Because of the town’s artistic flavorings, many people are looking for something unique in their lodgings. That’s exactly what they’ll find at Casa Misha. Truly earning its reputation as by far the best boutique hotel in San Miguel, the exclusive, first-class establishment features seven elegantly decorated private bedrooms, each handsomely and individually designed with fine English, French and Mexican colonial antiques and lavish furnishings. But lush décor, gourmet cuisine, turn-down service and attentive staff aren’t all that await guests. The hotel is replete with, among other lovely details, roof-top terraces, small and large living rooms full of antiques and leather furniture—ideal for reading, entertaining and movie-watching; gardens dripping with jasmine and orange blossoms; fresh-cut flowers in every room; the sound of water tinkling in courtyard fountains; soft music flowing; and aromas of Ed’s freshly-baked breads and muffins seeping from the kitchen.
In the beginning, however, Richard and Ed weren’t planning on a hotel. They were planning on living in their new home themselves. Then they started renovating. “All the renovations had to be cleared with the historical preservation department since many parts of the house date back to the 1700s,” says Richard. During the renovations, an adjacent lot containing some ruins came on the market and they decided to buy that too, all the while outfitting their home, hiring seamstresses, and sourcing antiques and furnishings from Guadalajara, Mexico City, London, New York, and San Miguel itself.
After the extensive renovations, they started thinking of the property as one of the top-end rental homes in San Miguel.
But they were also thinking of how they liked a certain TV show.
The Duchess of Duke Street had always been their favorite BBC drama. In the story, an English woman sets out to become the best cook in England in the early 1900s. She also opens the Bentinck Hotel in central London where each room is custom-designed with several gentlemen "maintaining" their London rooms there—their home away from home. Food and services were all customized to the guests as they became known to the hotel.
Richard and Ed were inspired. Why not create a high-end boutique hotel with exceptionally personal service?
“As our property was already designed around the idea of a very large private home, and we’re natural entertainers anyway, this was the perfect fit,” says Richard.
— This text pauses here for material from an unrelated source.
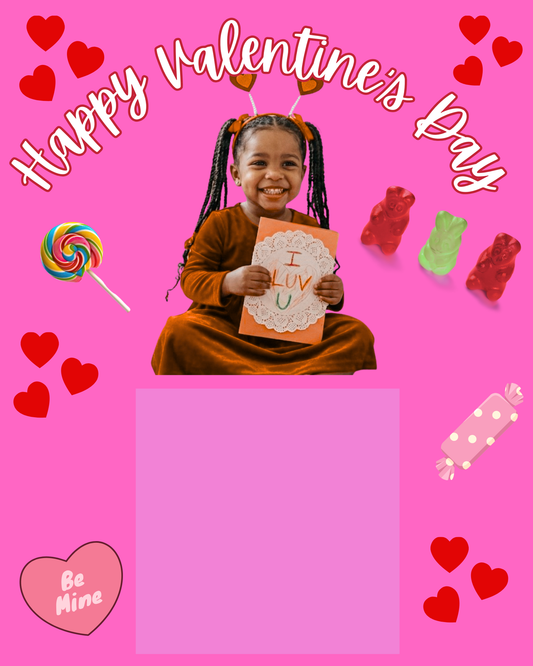 Valentine’s Day Photo Card Template | Editable Digital Download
It didn’t hurt that Ed was also a chef, baker, designer and pastry chef—skills he happily employs today at Casa Misha.
In 2005, Richard retired from his days as a banker in Manhattan. Then, joining Ed, he moved to Mexico full-time.
To the delight of its worldly guests, and to the residents of San Miguel, Casa Misha was opened in February 2008. With Casa Misha up and running, Ed intends to resume his travels.
Richard waits anxiously to find out where the next Casa Misha will be.